>>>

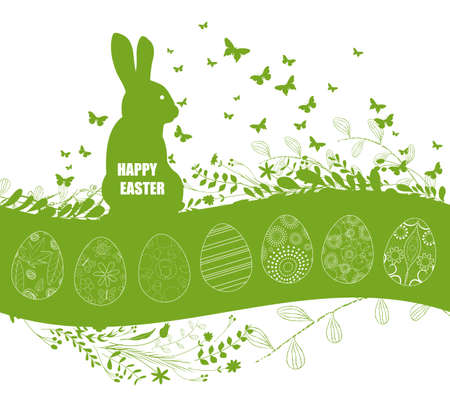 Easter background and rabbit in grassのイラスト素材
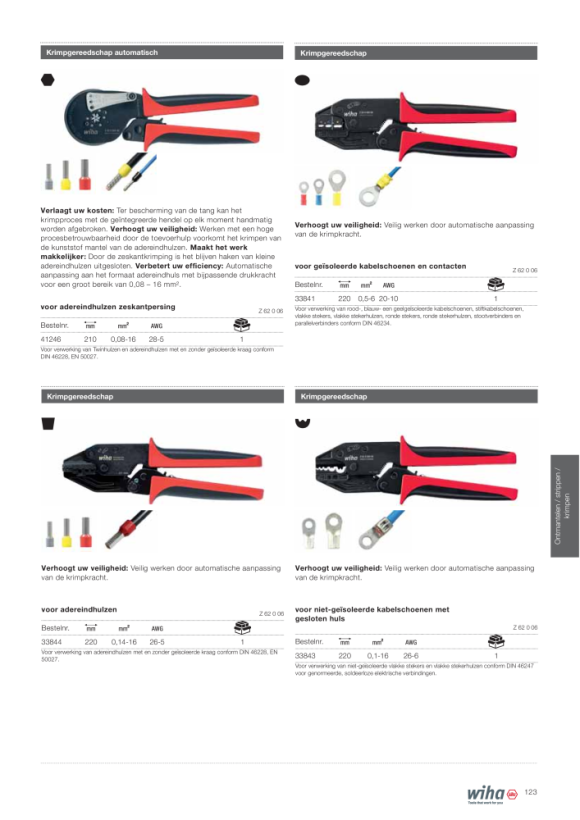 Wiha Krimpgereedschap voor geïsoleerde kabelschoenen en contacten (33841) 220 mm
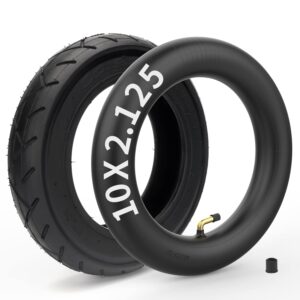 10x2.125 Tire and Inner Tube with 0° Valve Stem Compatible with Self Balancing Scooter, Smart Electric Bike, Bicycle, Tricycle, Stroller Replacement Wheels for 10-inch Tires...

<<<

## Your assignment
Exactly as written, return each line above and leave the pictures behind.

## Finished task
 Easter background and rabbit in grassのイラスト素材
 Wiha Krimpgereedschap voor geïsoleerde kabelschoenen en contacten (33841) 220 mm
 10x2.125 Tire and Inner Tube with 0° Valve Stem Compatible with Self Balancing Scooter, Smart Electric Bike, Bicycle, Tricycle, Stroller Replacement Wheels for 10-inch Tires...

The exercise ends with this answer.